▸ **Dataset records**:
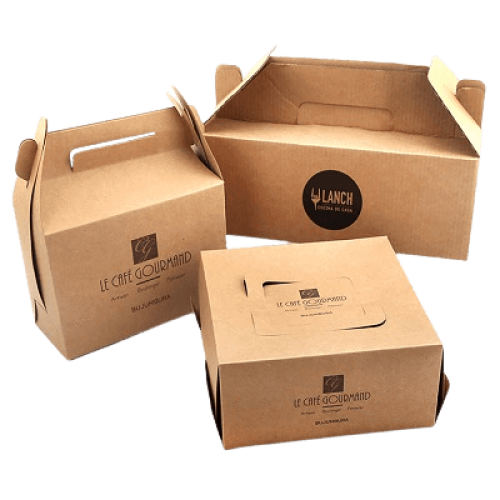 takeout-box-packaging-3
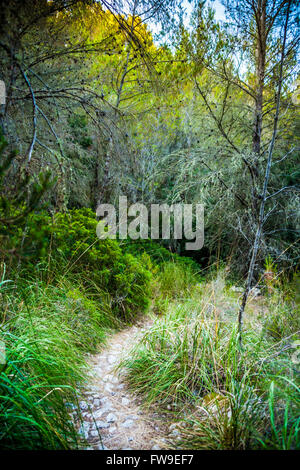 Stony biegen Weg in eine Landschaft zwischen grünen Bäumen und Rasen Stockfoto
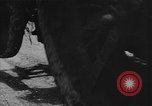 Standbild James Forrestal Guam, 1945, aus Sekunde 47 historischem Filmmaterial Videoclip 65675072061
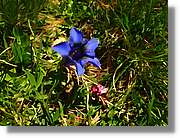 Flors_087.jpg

* * *

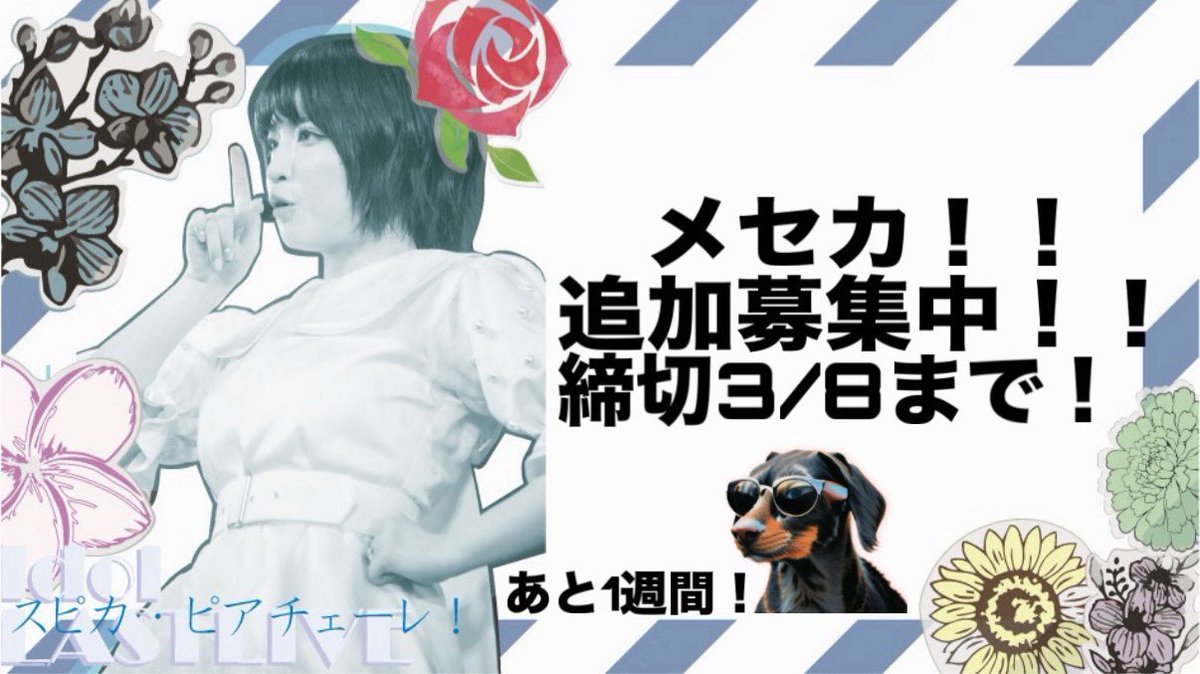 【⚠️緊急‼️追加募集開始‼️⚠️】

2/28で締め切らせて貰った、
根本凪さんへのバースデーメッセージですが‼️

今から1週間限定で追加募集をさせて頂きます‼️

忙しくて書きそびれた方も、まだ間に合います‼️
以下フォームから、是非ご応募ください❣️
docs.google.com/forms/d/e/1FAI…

...

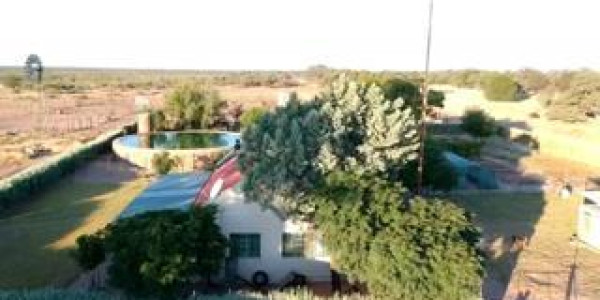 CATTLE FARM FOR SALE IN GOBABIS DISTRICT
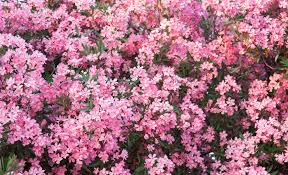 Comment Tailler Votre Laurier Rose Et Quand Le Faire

▸ **Exercise details**:
Everything from the line with "takeout-box-packaging-3" through the line with "Flors_087.jpg" in the material above should be transcribed exactly, except the pictures.

▸ **Exercise solution**:
 takeout-box-packaging-3
 Stony biegen Weg in eine Landschaft zwischen grünen Bäumen und Rasen Stockfoto
 Standbild James Forrestal Guam, 1945, aus Sekunde 47 historischem Filmmaterial Videoclip 65675072061
 Flors_087.jpg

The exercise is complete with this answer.